The finding allows the EPA to implement domestically a global
carbon dioxide emissions standard being developed by the
International Civil Aviation Organization (ICAO).
The U.N. agency is due to release its CO2 standard for comment
in February 2016 and adopt it later that year.
The EPA had been under pressure from environmental groups who
first petitioned it to regulate aircraft emissions under the
Clean Air Act in 2007 and sued it in 2010. A federal court ruled
in favor of those green groups in 2012.
Aviation accounted for 11 percent of energy-related carbon
dioxide emissions from the transportation sector in 2010 in the
United States, according to the International Council on Clean
Transportation.
The airline industry has favored a global standard over
individual national standards since airlines operate all over
the world and want to avoid a patchwork of rules and measures,
such as taxes, charges and emissions trading programs.
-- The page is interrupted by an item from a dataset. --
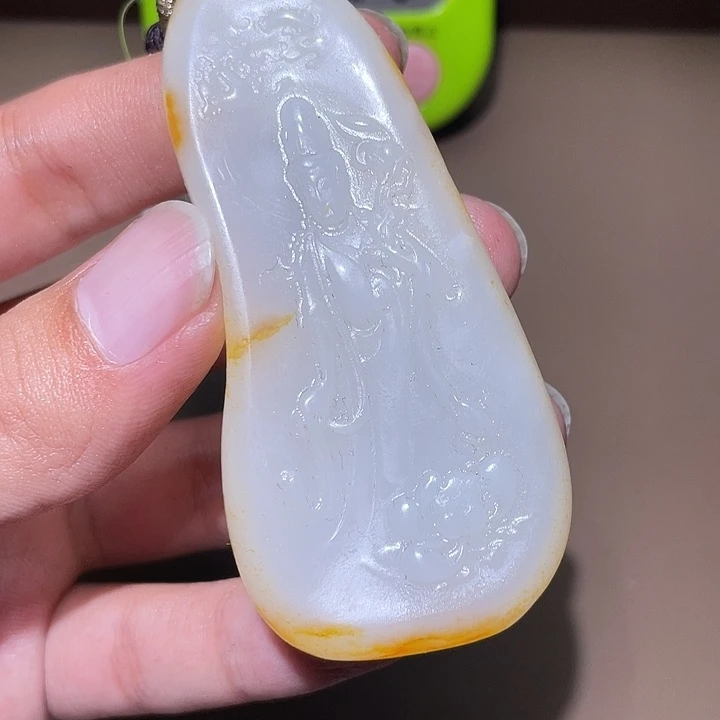 和田玉颈饰未镶嵌梅*落Y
"If you're a big airline and you're flying to 100 countries a
day, then complying with all those different regimes is an
administrative nightmare," said Paul Steele, senior vice
president at the International Air Transport Association, the
main global airline industry group.
But some environmental groups are concerned that the standard
being discussed at ICAO will do little to change the status quo
since it would only apply to new and newly designed aircraft
that will not be in operation for several years.
"The stringency being discussed at ICAO is such that existing
aircraft are already meeting the standard they are weighing,"
said Sarah Burt, an attorney at Earthjustice, one of several
groups that sued the EPA to regulate aircraft.
(Reporting By Valerie Volcovici; additional reporting by
Victoria Bryan in Miami; Editing by Susan Heavey and Doina
Chiacu)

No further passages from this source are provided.